Chez les cathares, les bons hommes, avaient un niveau de culture théologique tout à fait performant. Mais ils étaient avant tout des prédicateurs et des pasteurs : des transmetteurs. A ce titre, leur seul souci, c'est que l'image du Dieu-amour ne soit pas abîmée par tout ce qui ternit l'existence : tout ce qui est mal, tout ce qui va à l'encontre de ce dieu doit clairement être désigné comme ayant une autre cause que lui, même si, ensuite, on n'épilogue pas sur l'identité de cette cause.

 

Au siècle dernier, en France, le pasteur Wilfred Monod a été un fervent défenseur de la théologie dualiste.

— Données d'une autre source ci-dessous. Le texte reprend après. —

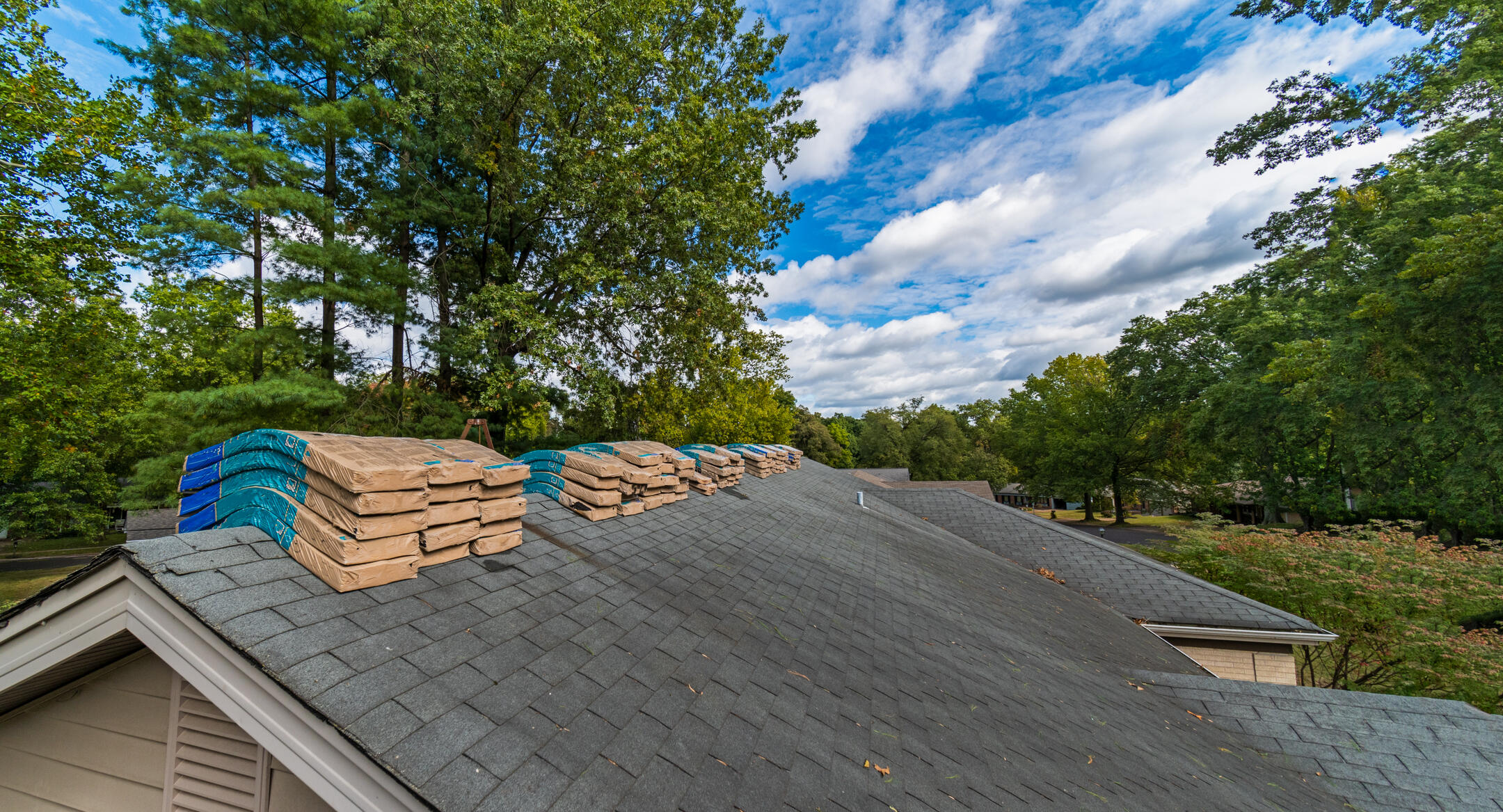 how long does it take to replace a roof-view of current shingle roof being prepared for roof replacement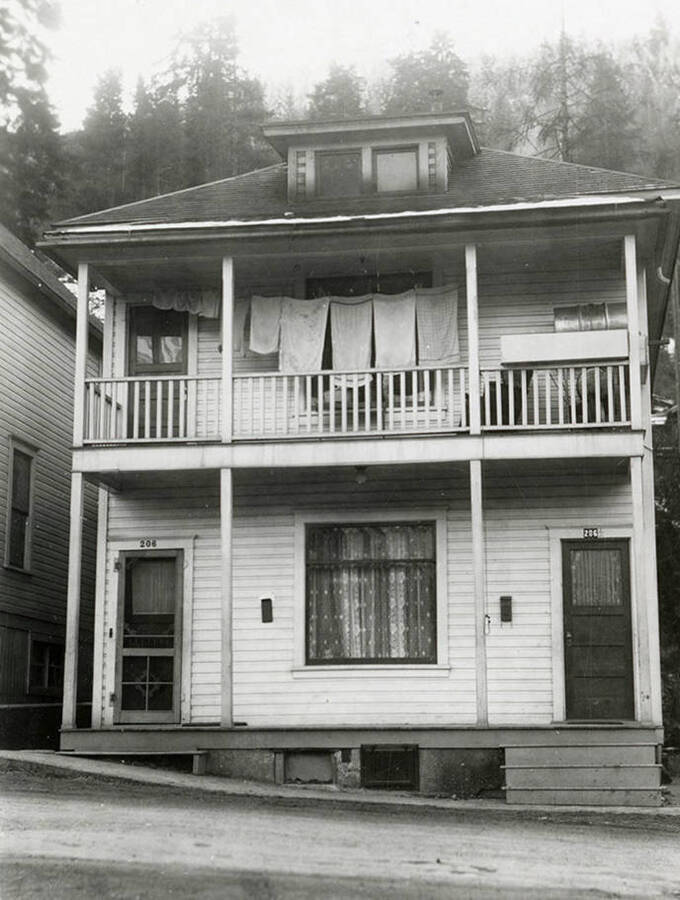 View of a two-story house in Wallace, Idaho with a towels hanging on a clothesline on the second floor balcony. A real estate view taken for Idaho First National Bank.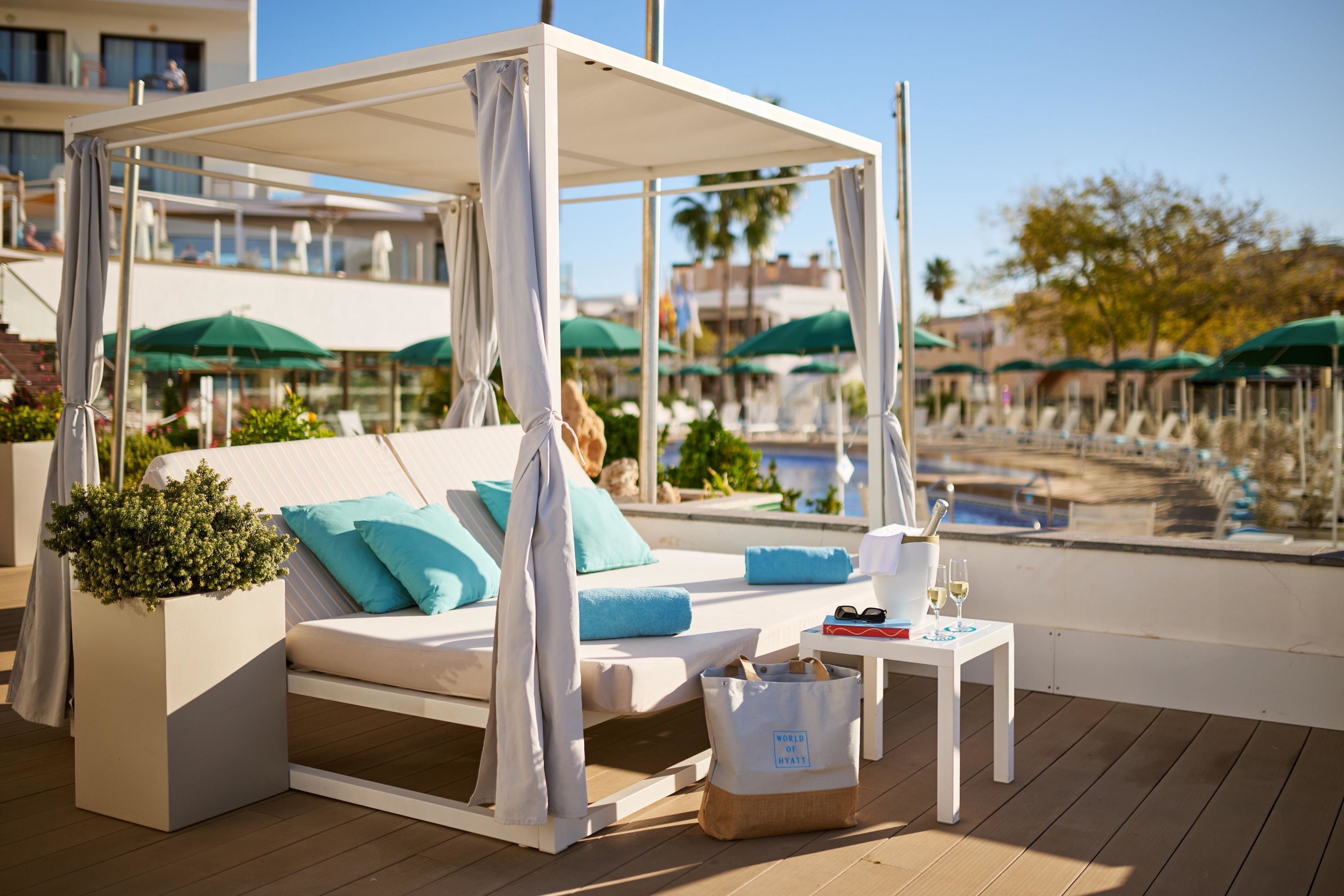 Un área de descanso junto a la piscina con una pérgola, un sofá con cojines, una mesita con una bebida y vasos, y una planta en maceta.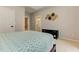 Neutral bedroom with a tray ceiling, with decor and a glimpse into an ensuite bathroom at 452 Brushstroke Se Ct, Marietta, GA 30067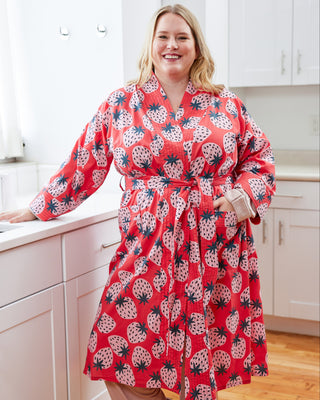 Woman wearing a red strawberry patterned robe in a kitchen.  This robe is the Lygon Robe sewing pattern from Cashmerette.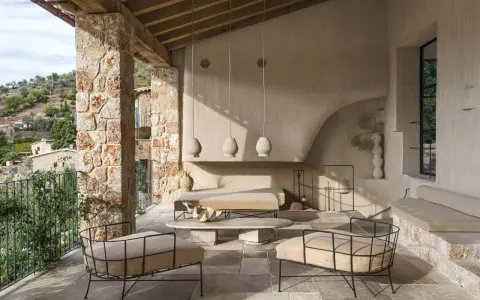 Acogedora terraza interior piso con sillones de metal, sofá y mesa de centro de piedra, bajo un techo de madera y rodeada de muros de piedra.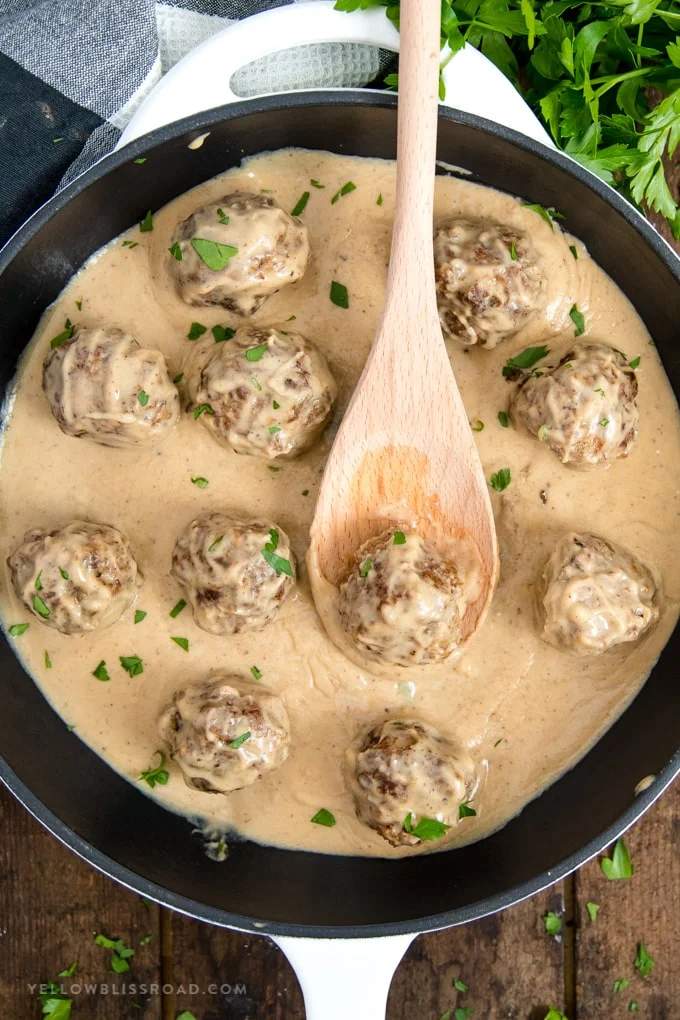 Swedish meatballs drenched in a rich, tangy sour cream gravy over buttered egg noodles
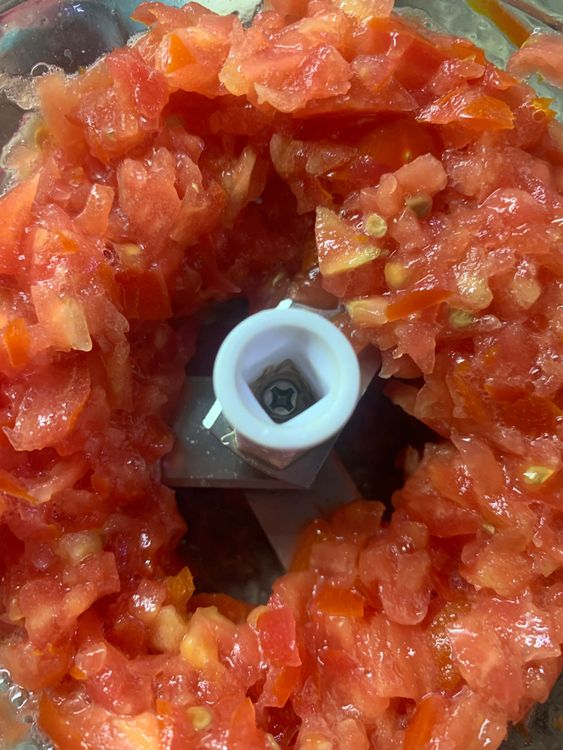 Step 1.1: Add the chopped tomatoes to the pan and cook for 3-4 minutes till they are soft
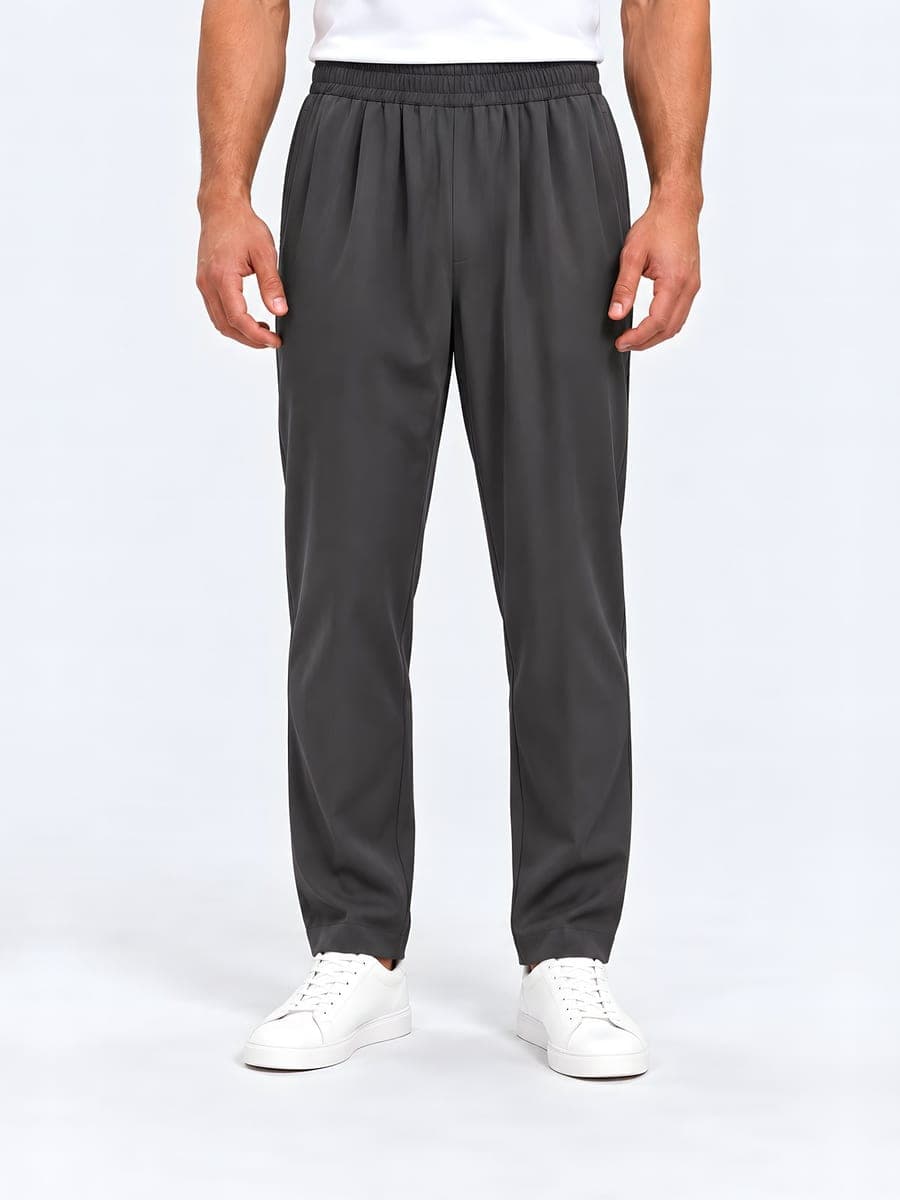 Straight leg trousers with an elastic waist in dark grey, front view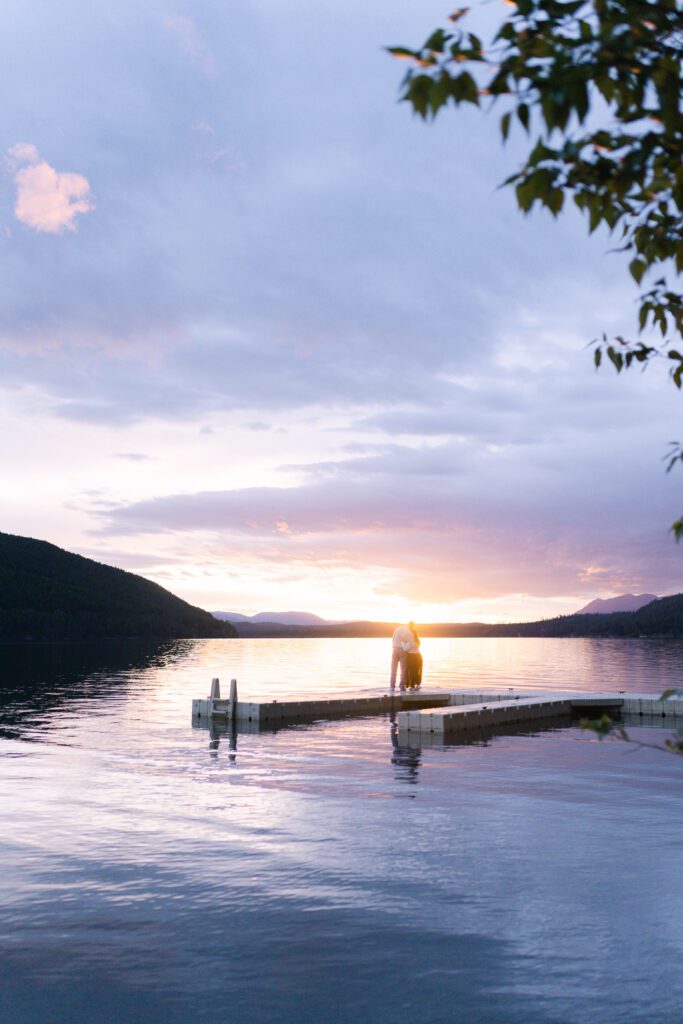 Whitefish surprise proposal on Whitefish Lake at sunset. Get tips on how to plan a surprise proposal, timing, outfit ideas, and how to make it feel natural and unforgettable.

Il dira : « Tirer d'une vieille armoire l'hypothèse d'un démiurge, l'épousseter, la repeindre et la poser en tapinois sur le bureau d'un synode ou d'un concile ou d'une conférence oecuménique, est-ce vraiment sérieux ? ... Les catéchètes qui font rire dès qu'ils ouvrent doctrinalement la bouche, ne devraient pas, en bonne logique, écarter l'hypothèse du démiurge, avec un sourire avisé » (2). Malheureusement, à ma connaissance, W. Monod n'a pas convaincu grand monde à ce sujet, excepté son fils, Théodore, et, nettement plus tard, l'auteur de ces lignes.

 

_______________________________

 

(1) Helaine Pagels, 1989 - Adam, Eve et le serpent, Paris, Flammarion, pp. 227 et 72.

(2) Wilfred Monod, 1934 - Le problème du Bien, Paris, Félix Alcan, tome II, pp. 191-192.